Short web captions:
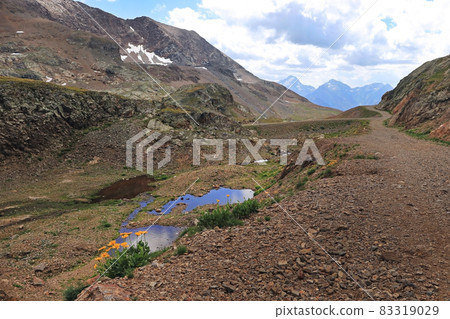 On the side of a mountain road On the side of a mountain road 83319029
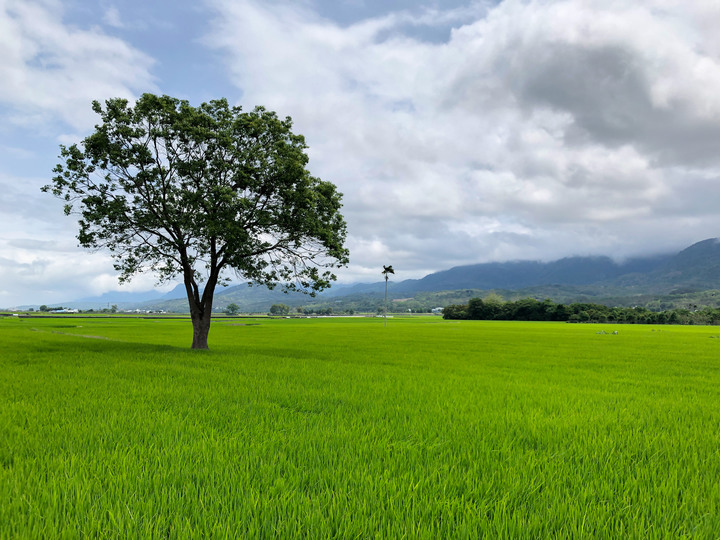 2021 一個人的環島之旅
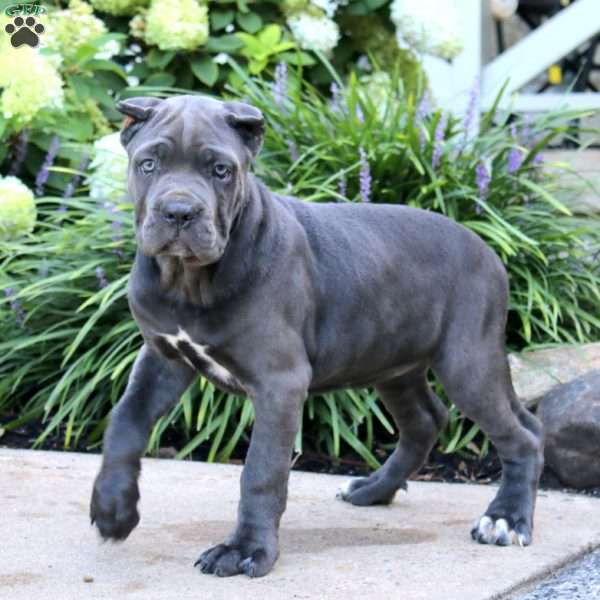 Paige, Cane Corso Puppy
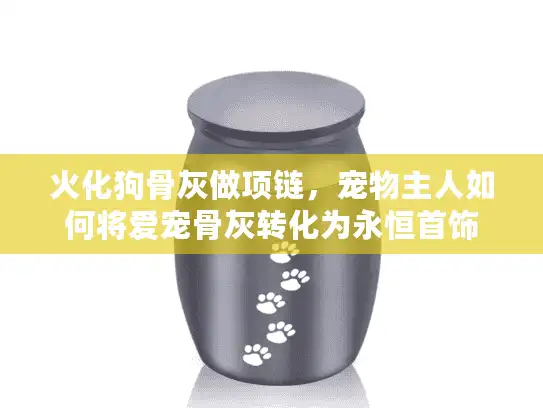 火化狗骨灰做项链，宠物主人如何将爱宠骨灰转化为永恒首饰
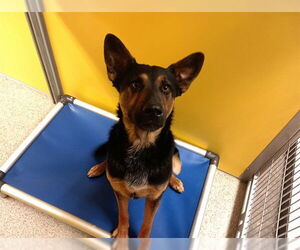 German Shepherd Dog-Unknown Mix Dogs for adoption in Ames, IA, USA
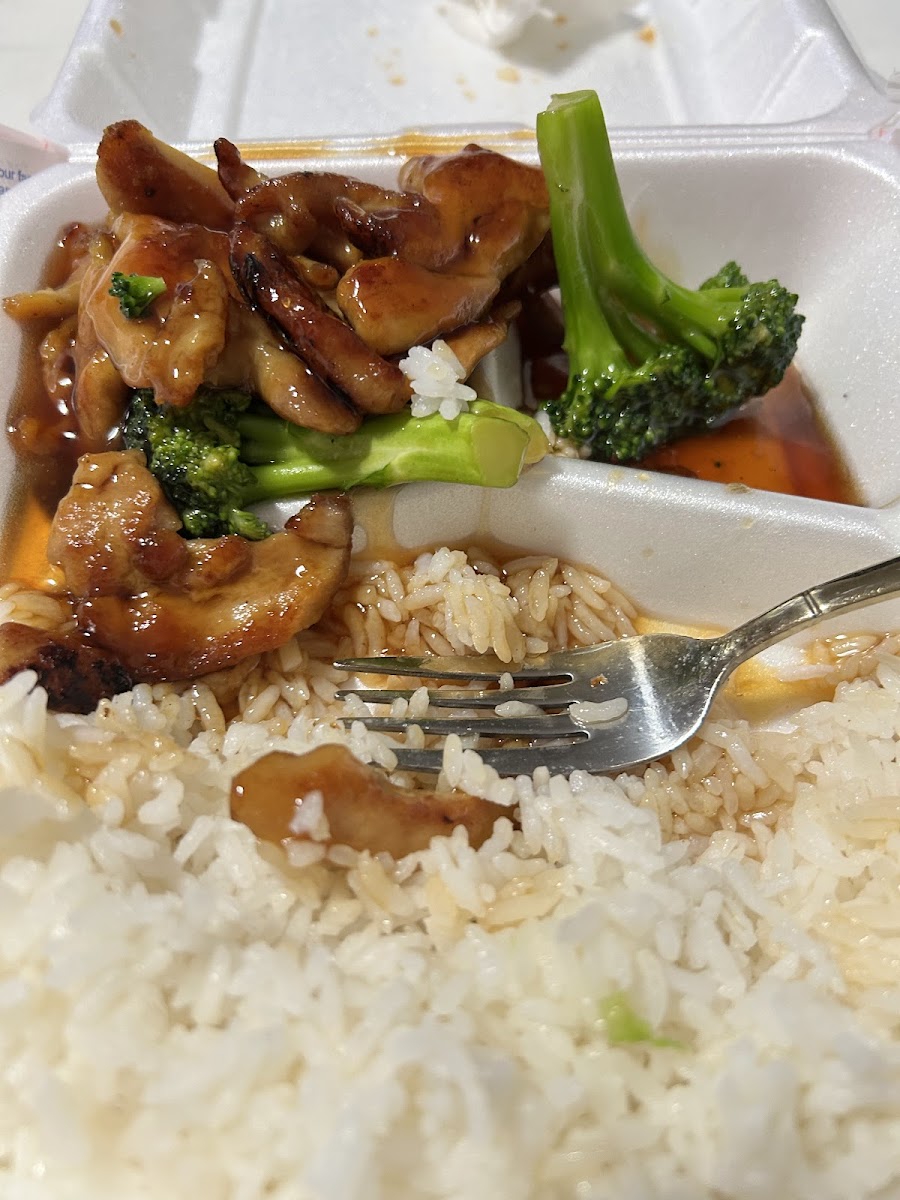 Yummy Yummy Teriyaki Express-3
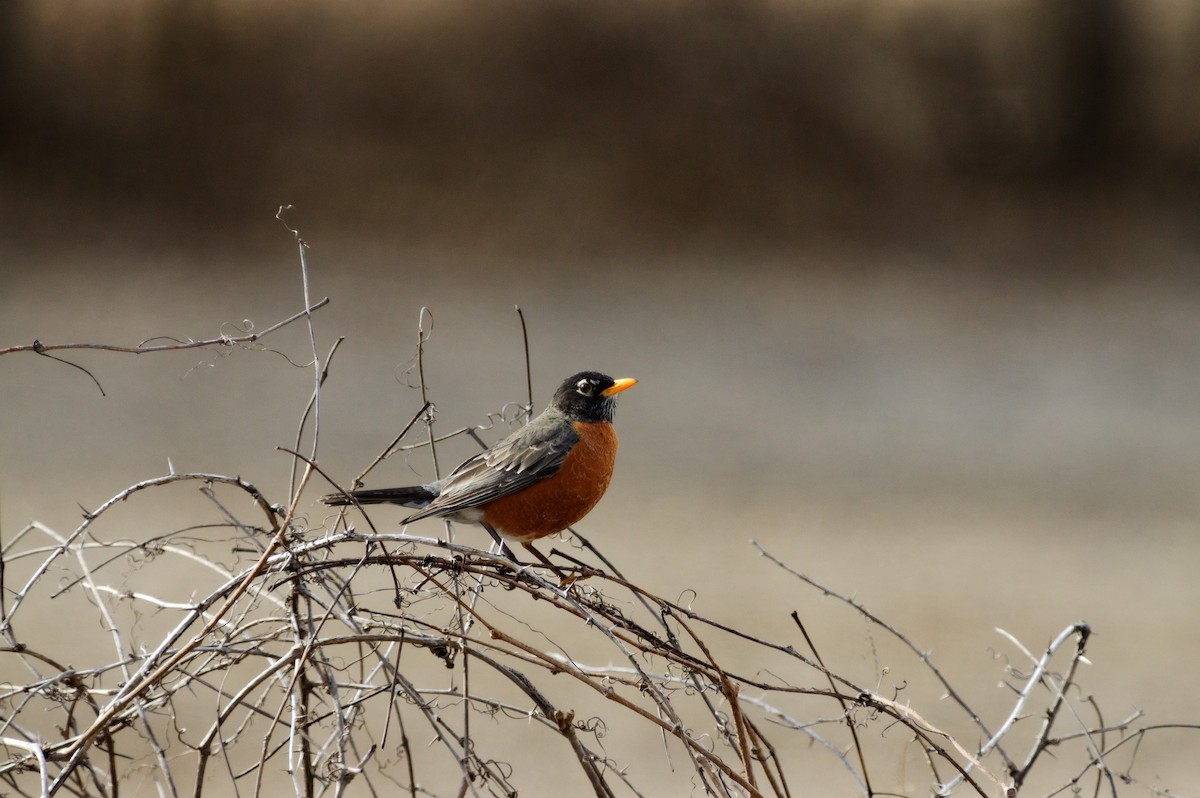 American Robin - ML616191884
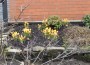 Lovely crocus in bloom Lovely crocus in bloom
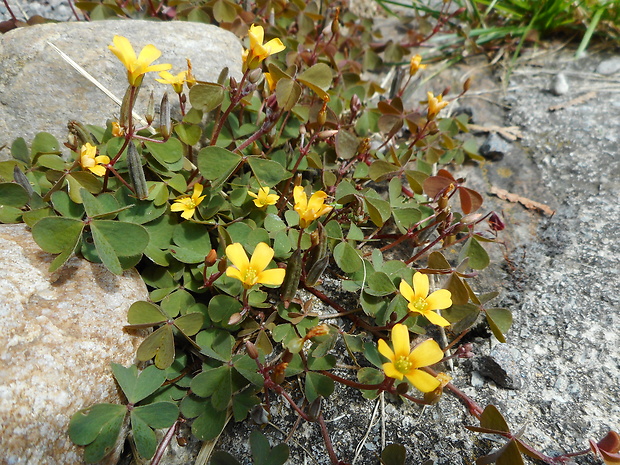 kysličkovec rožkatý Xanthoxalis corniculata (L.) Small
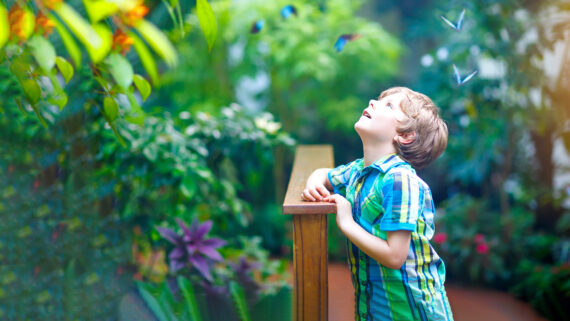 A young boy in a striped shirt stands on a wooden bridge in a lush garden, gazing up in wonder at blue butterflies fluttering nearby among green plants and colorful flowers.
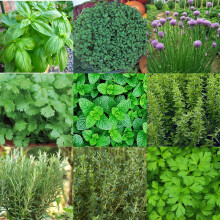 Kitchen Herb Seed Pack 10 Varieties of Herbs Grow Your Own Herbs and Spices Indoor Plant Seeds Simply Garden Basil Chives Coriander Mint Oregano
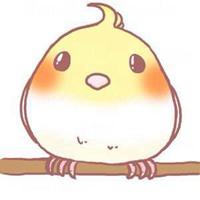 卡通玄凤鹦鹉头像_微信头像图片大全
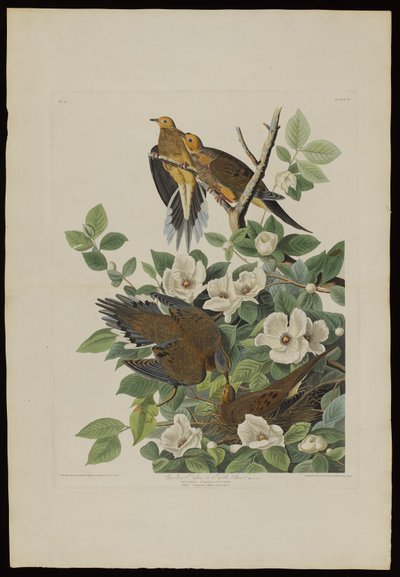 ロバートハヴェル（1793-1878）によって刻まれたバーズオブアメリカのカロライナピジョンまたはカメ鳩 作： John James after Audubon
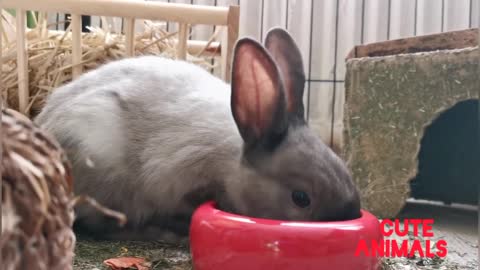 Funny and cute baby bunny rabbit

Required action ->
In the copy, include no pictures; transcribe every record above verbatim.

Result for this task ->
 On the side of a mountain road On the side of a mountain road 83319029
 2021 一個人的環島之旅
 Paige, Cane Corso Puppy
 火化狗骨灰做项链，宠物主人如何将爱宠骨灰转化为永恒首饰
 German Shepherd Dog-Unknown Mix Dogs for adoption in Ames, IA, USA
 Yummy Yummy Teriyaki Express-3
 American Robin - ML616191884
 Lovely crocus in bloom Lovely crocus in bloom
 kysličkovec rožkatý Xanthoxalis corniculata (L.) Small
 A young boy in a striped shirt stands on a wooden bridge in a lush garden, gazing up in wonder at blue butterflies fluttering nearby among green plants and colorful flowers.
 Kitchen Herb Seed Pack 10 Varieties of Herbs Grow Your Own Herbs and Spices Indoor Plant Seeds Simply Garden Basil Chives Coriander Mint Oregano
 卡通玄凤鹦鹉头像_微信头像图片大全
 ロバートハヴェル（1793-1878）によって刻まれたバーズオブアメリカのカロライナピジョンまたはカメ鳩 作： John James after Audubon
 Funny and cute baby bunny rabbit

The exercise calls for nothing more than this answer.